Ananya Mallik

Ananya Mallik

Volatile exchange between the Earth’s surficial and deeper reservoirs due to subduction determines the dynamics and evolution of the reservoirs through geological time. In spite of being a ubiquitous volatile element in the Earth and abundantly present in the Earth’s mantle, the behavior of nitrogen (N) in the mantle and exchange of N between the surficial and deeper terrestrial reservoirs have only gained attention recently. Previous studies [e.g. 1, 2] have estimated the recycling efficiency of N (the percentage of incoming N in subduction zones surviving the arc filter and entering the deep mantle) by difference of incoming and volcanic outgassing fluxes; these have obtained disparate estimates ranging between 0% to 80-92%. Also, such an approach ignores the possibility that a fraction of the N released from the subducted slab may not be outgassed but rather sequestered in the overriding plate. In this study [3], we empirically constrained the recycling efficiency of N by focusing on the mechanism of N transfer from slabs by aqueous fluids and/or hydrous partial melts, addressing a broad range of thermal regimes applicable in modern-day subduction zones. We estimate the amount of N carried by aqueous fluids as a function of P, T and fO₂ along slabs using the experimentally constrained model from a previous study [4]. We constrain the amount of N carried by hydrous partial melts in intermediate to hot subduction zones by bracketing between the most efficient transfer (experimentally determined solubility limit) and conservative transfer (modeled partitioning of N between key N hosting minerals and slab-melt).
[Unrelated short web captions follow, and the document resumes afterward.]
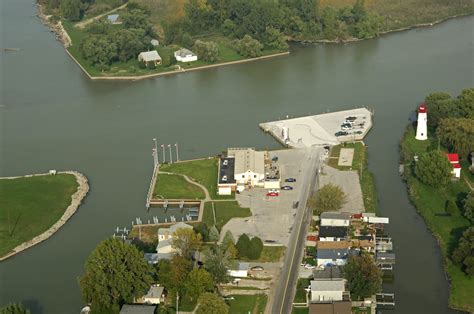 Chatham Municipal Docks in Chatham, ON, Canada - Marina Reviews - Phone ...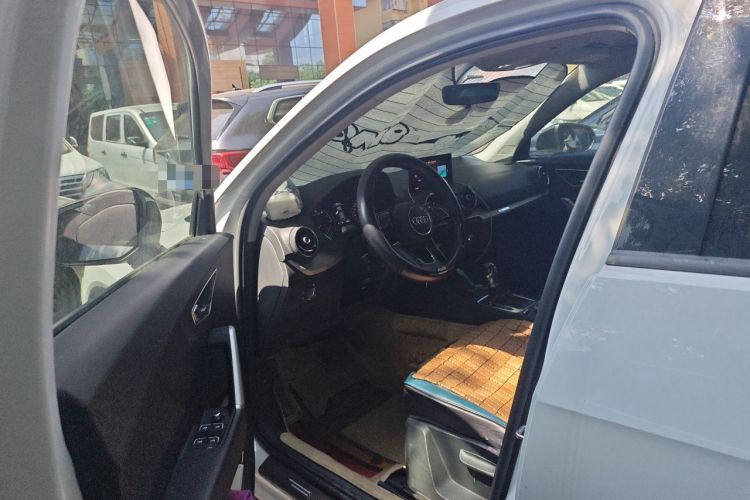 Used Audi Q2L 2020 35 TFSI Ambition Dynamic Edition Driver Seat
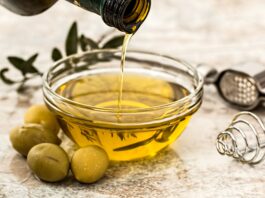 Kosterina Olive Oil Shots Are Now at Whole Foods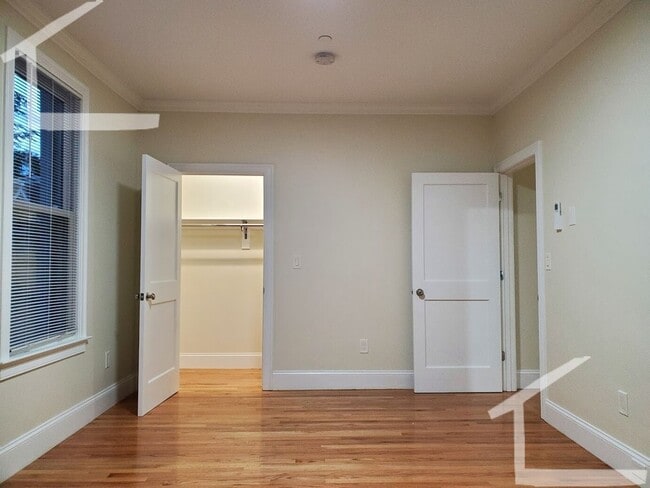 Building Photo - Coolidge Corner Area of Brookline. In-Unit...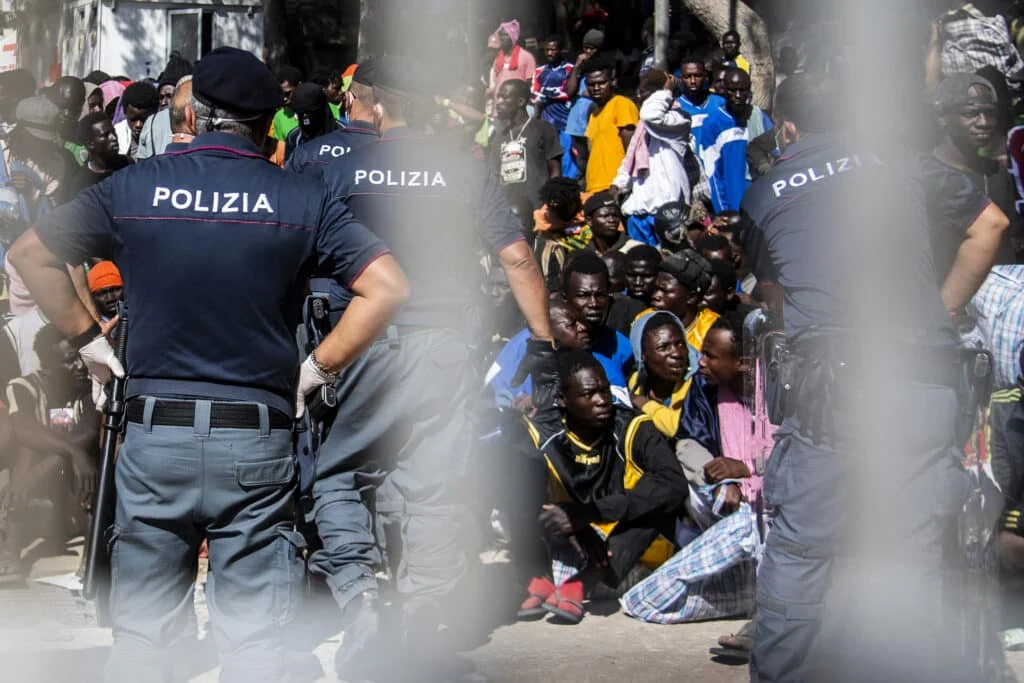Alerta de 88 ONG: regras da UE para repatriação podem replicar modelo 'ICE' e ampliar vigilância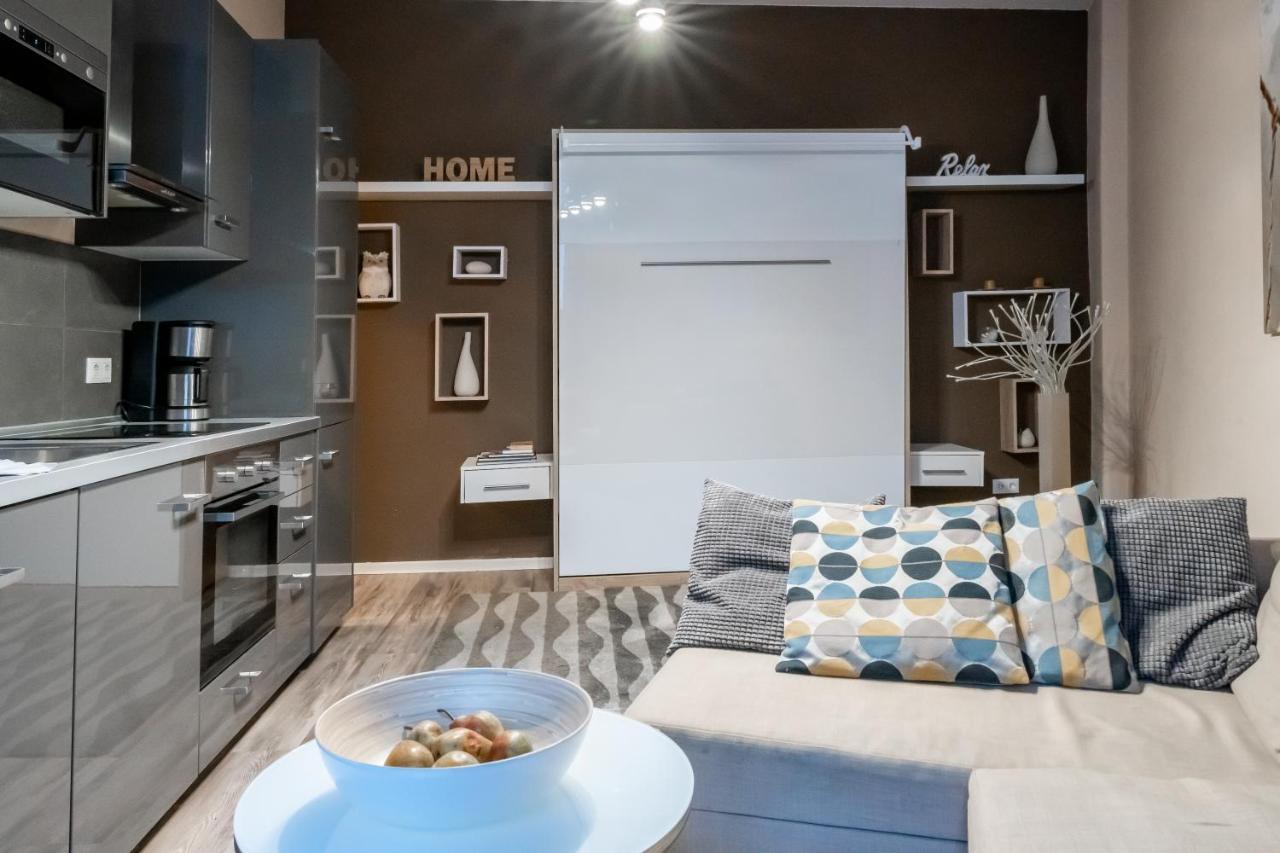 Upmarket Studio With Balcony In Friedrichshain Berlijn
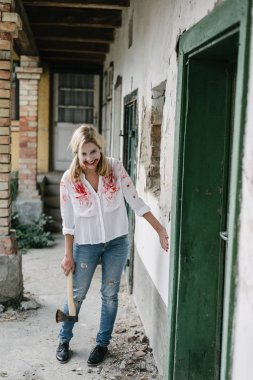 zombi kadın balta ile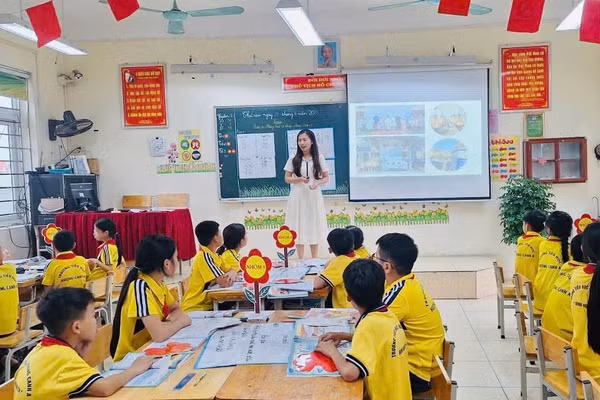 Trường Tiểu học Hương Canh A ứng dụng công nghệ số vào giảng dạy.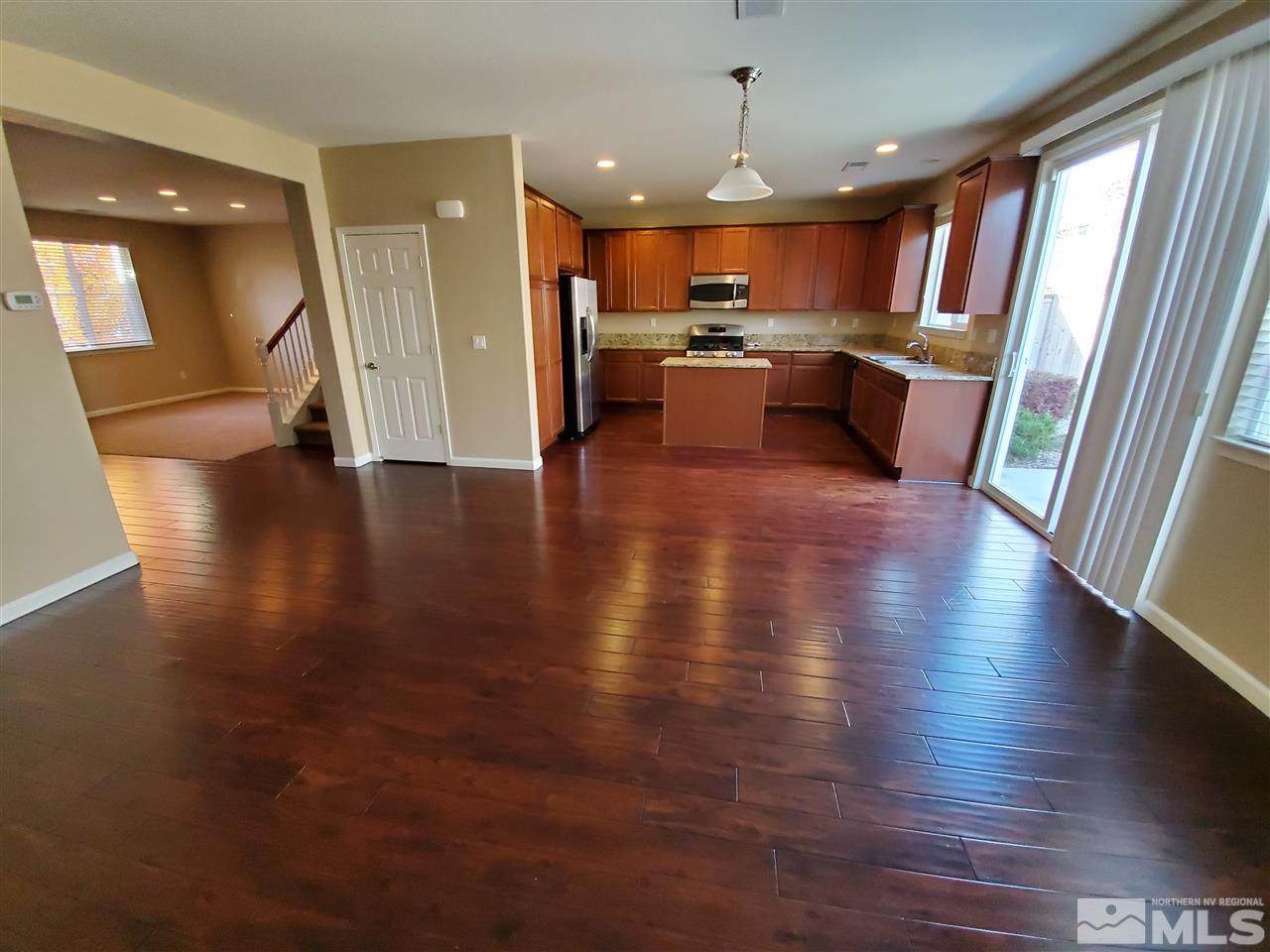 10860 Oakhaven Drive Reno, NV 89521 - Photo 8 of 23 Photo 8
We find that globally 45-74% of incoming N in subduction zones survives past the arc magmatism filter and enters the deep mantle. We will briefly discuss the possible implications of such recycling efficiency on the evolution of the atmosphere and the mantle through time.

[1] Fischer et al. (2002) Science 297

[2] Barry & Hilton (2016) GPL 2

[3] Mallik et al. (2018) EPSL 482

[4] Li & Keppler (2014) GCA 129